As the sun rises in her city, Lisa strolls through the local park that hosts a series of interactive kiosks, like the one she first encountered at the government service center. As she passes by one, it greets her warmly: “Good morning, Lisa.” Later in the day, at city hall, government officials review the sentiment analysis from social media and direct feedback from the park’s kiosks. They’ve already seen significant improvement in public sentiment toward the park. Its redesigned features, such as the closure of the main thoroughfare to cars at select hours and the addition of mood-driven lighting, have fostered a sense of safety and enjoyment. The park, once underutilized, now buzzes with community activity from dawn to dusk.
With advances in affective computing, it’s possible to imagine this scenario playing out sooner rather than later. OpenAI released ChatGPT in November 2022, and it received one million visitors in its first five days. In less than a year, it hit 100 million weekly users with over two million developers working on its application programming interface.12 It’s a testament to the rapid advancement of AI that there is now a shift from purely transactional interactions with machines to more conversational, and even relationship-based, exchanges.13
In the next three to five years, model interaction design is expected to be a pivotal field of study and an essential organizational capability. Why? Because it seems likely that just as modern organizations have distinct-yet-collaborative units, such as human resources or finance, the organizations of the future could have specialized, distinct-yet-collaborative AI models to help them achieve their missions. Of course, it’s possible that organizations completely restructure given the rise of AI, but in the medium term, it may be more likely that the deployment of AI capabilities across an organization (which is already taking place) is informed by familiar organizational structures, ones that made sense prior to AI but that will likely require redesign now.

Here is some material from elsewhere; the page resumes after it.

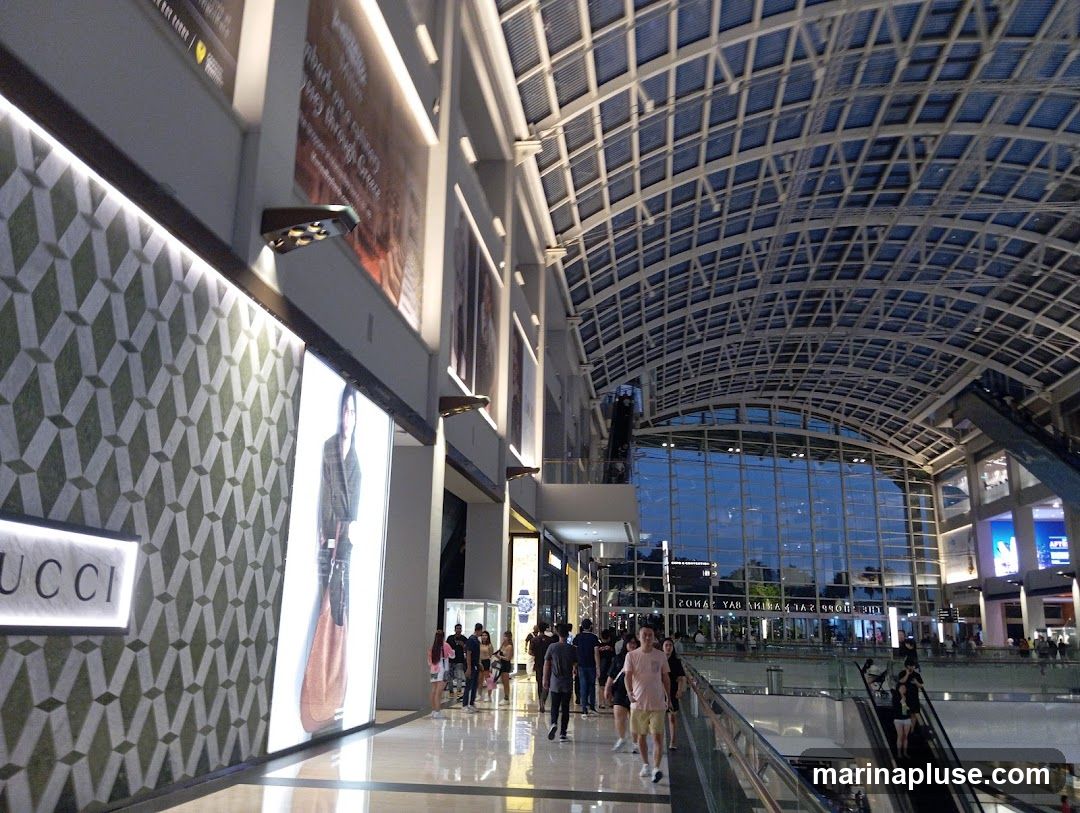 A wide shot of the interior of a large, modern shopping mall. The ceiling is a complex lattice structure, and large windows offer a view of the outside. People are seen walking on the ground floor and on escalators. A prominent display features the word "GUCCI" and a fashion advertisement. The overall impression is one of a spacious and upscale retail environment.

In this future, affective computing could be embedded in specialized AI models across organizations to create more comprehensive, predictive, and personalized outcomes. For example, in a future military application, this approach could enhance training and operational readiness. Real-time emotional data from soldiers in the field could be analyzed to manage stress and optimize performance, triggering immediate interventions like mission adjustments or support resources if certain thresholds are met. This affective data could also inform the organization’s AI model responsible for generating training scenarios. The model could tailor training simulations to replicate and address field stressors more effectively, creating a feedback loop that can continually refine training programs. This interconnected AI system could not only enhance soldier welfare but also help ensure continuous improvement in mission preparedness and execution.
To embrace this affective computing–enabled future and effectively integrate this technology into public services, government leaders can consider taking these steps.
Affective computing has the power to be more than a tool; it can be a partner, helping us create a world that is not only more empathetic, responsive, and inclusive, but also safer and more enjoyable for all.